In short, asynchronous operations are present in more situations than one might have first thought. By using SOAP on top of proven asynchronous communication protocols, developers can effectively manage web service communication when a response isn’t readily available. However, to handle complex, chained operations, asynchrony is not enough. For that you will need to keep track of a set of operations and group them into a transaction.

SOAP Supports Stateful Operations

Most recent web services follow the stateless standard, meaning that clients don’t care about the state of operations between different calls to the server. However, situations that involve multiple chained operations still require stateful operations to make the whole transaction act as one. Some cases require replicating transactions and even performing a roll-back if needed:

  • Bank transfers: these operations usually require communication between multiple banks or branches, involving many calls to various Web services. This process is made easier with a coordinator to keep track of their status. The banking industry typically groups all these operations into transactions.
  • Booking a flight: again, different entities and web services need to be called in order to check availability and pricing information. When the final information comes back to the user it might already be outdated, so a transaction with a specific lifetime is needed.
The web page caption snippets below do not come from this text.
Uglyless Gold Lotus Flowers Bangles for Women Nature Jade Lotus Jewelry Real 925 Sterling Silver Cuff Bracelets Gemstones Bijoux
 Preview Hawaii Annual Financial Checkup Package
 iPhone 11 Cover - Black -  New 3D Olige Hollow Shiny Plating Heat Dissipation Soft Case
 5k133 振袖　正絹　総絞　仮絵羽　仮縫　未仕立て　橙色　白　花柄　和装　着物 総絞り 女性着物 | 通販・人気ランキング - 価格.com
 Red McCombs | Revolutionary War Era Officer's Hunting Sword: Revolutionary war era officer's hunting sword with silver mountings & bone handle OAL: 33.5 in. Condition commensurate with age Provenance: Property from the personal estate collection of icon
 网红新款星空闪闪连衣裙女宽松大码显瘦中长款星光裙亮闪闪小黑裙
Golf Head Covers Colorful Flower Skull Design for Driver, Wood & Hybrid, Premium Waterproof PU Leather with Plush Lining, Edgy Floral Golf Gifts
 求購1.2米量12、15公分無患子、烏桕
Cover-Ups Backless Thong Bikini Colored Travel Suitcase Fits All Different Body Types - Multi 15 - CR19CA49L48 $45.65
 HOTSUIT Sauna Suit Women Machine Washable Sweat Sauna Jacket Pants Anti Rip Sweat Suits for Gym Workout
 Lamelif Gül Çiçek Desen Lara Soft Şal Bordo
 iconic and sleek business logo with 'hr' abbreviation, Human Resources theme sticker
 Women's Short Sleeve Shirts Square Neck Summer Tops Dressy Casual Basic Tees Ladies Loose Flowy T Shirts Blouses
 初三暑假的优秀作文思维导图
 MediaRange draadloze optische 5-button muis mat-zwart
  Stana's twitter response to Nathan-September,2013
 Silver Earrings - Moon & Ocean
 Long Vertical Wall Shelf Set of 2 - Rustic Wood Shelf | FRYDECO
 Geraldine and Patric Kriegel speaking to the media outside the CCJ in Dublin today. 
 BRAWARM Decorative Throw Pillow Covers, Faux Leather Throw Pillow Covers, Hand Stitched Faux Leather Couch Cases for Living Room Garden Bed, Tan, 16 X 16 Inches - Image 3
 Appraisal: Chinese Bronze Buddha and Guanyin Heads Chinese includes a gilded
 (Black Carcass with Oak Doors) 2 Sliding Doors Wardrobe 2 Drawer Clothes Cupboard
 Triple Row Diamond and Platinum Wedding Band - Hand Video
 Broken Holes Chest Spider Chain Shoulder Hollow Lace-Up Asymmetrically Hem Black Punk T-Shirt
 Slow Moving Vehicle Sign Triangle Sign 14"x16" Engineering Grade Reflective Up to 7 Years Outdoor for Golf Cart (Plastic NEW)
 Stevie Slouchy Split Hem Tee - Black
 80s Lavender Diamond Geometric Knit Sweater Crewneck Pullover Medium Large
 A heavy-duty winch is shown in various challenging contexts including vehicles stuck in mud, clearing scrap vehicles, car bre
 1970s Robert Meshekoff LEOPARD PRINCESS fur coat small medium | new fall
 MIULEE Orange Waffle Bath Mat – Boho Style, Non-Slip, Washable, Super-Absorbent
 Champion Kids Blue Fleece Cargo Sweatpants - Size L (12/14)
Thankfully, SOAP supports stateful operations. This means that a group of operations can easily be controlled by performing a set of predefined rules. State is transferred between operations so that each party involved always knows how to perform without making additional calls. SOAP implements this with the help of Web Services Extension Specification, or in short, WS. There are many available WS extensions that let you define different aspects related to how messages are transferred:

  • WS-Addressing: a standard way of adding message routing information to SOAP headers. Being able to define message routing dynamically is important because communication quality might change while the web service is running.
  • WS-ReliableMessaging: ensures that SOAP messages are always delivered, even when there’s a failure on network communication or on a software component. Among other things, this extension lets you say that messages need to arrive at a certain order, which is important in a chain of events.
  • WS-Coordination: lets you define a workflow that needs to be executed by all the parties involved in the Web service calls.
  • WS-Policy: allows a Web service to advertise their working policies which include Quality of Service, expected response times and security.
  • WS-Security: specifies how integrity and confidentiality are enforced on messages. In particular it lets you use different types of message encryption like X.509 certificates, user and password credentials, and SAML assertions.

There are many more WS extensions addressing different needs. Developers can even create their own if needed. This customization is one of the reasons why SOAP becomes attractive when the right conditions are in place.


Despite all the rumors SOAP is still alive and kicking. This doesn’t mean that you should use it in all situations. By carefully analyzing the problem you’re trying to solve you’ll be able to understand if SOAP is the right match for your API. SOAP is particularly useful in situations involving formal, machine readable, contracts where you need to make sure all the parties are behaving exactly as designed. Asynchronous and stateful operations are two other scenarios where SOAP excels. Because SOAP isn’t tied to a particular communication protocol it’s easy to make it work asynchronously. Creating a stateful Web service shouldn’t be too hard because SOAP can easily be extended and operation state can be maintained between calls.